## WORK ORDER:
Lines from the one with "Shop Lana Solo" to the end of the material, both included: print them exactly and print nothing else. Omit the pictures.

## PROVIDED MATERIAL:
----
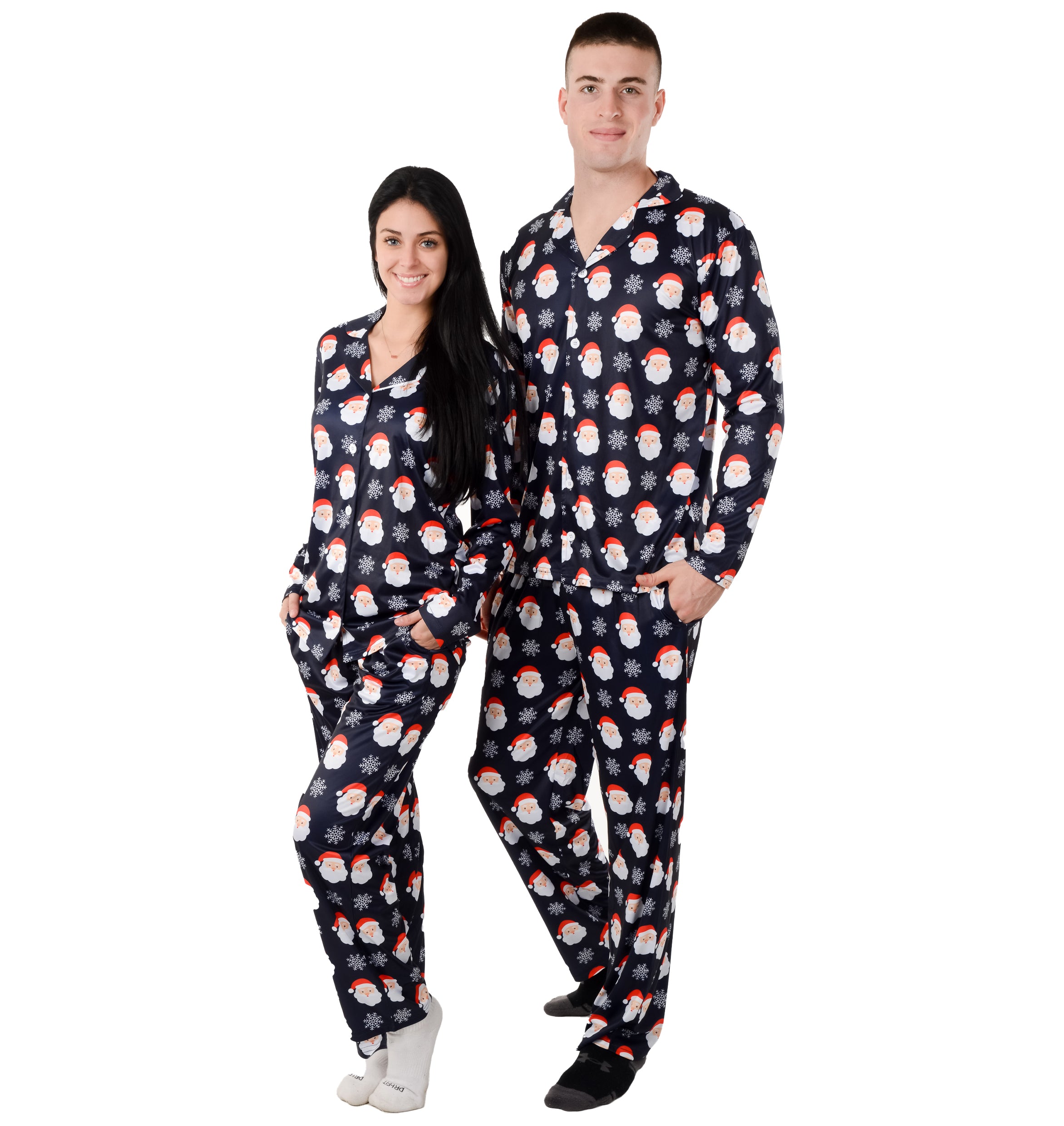 Christmas Family Matching Lapel Collar Pajama Sets Premium Microfiber Polyester Fabric Couple Pj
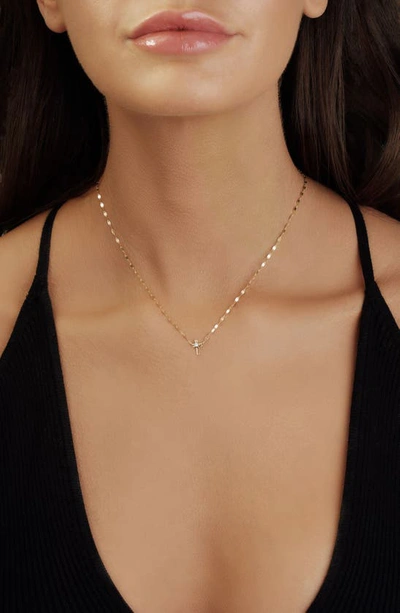Shop Lana Solo Diamond Mini Cross Pendant Necklace In Yellow Gold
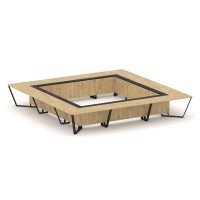 Steel Meet KMK-PR.B.SP-24K (Тиквуд светлый/Графит/Черный) Стол переговорный квадратный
----
## RESULT OF THE TASK:
Shop Lana Solo Diamond Mini Cross Pendant Necklace In Yellow Gold
 Steel Meet KMK-PR.B.SP-24K (Тиквуд светлый/Графит/Черный) Стол переговорный квадратный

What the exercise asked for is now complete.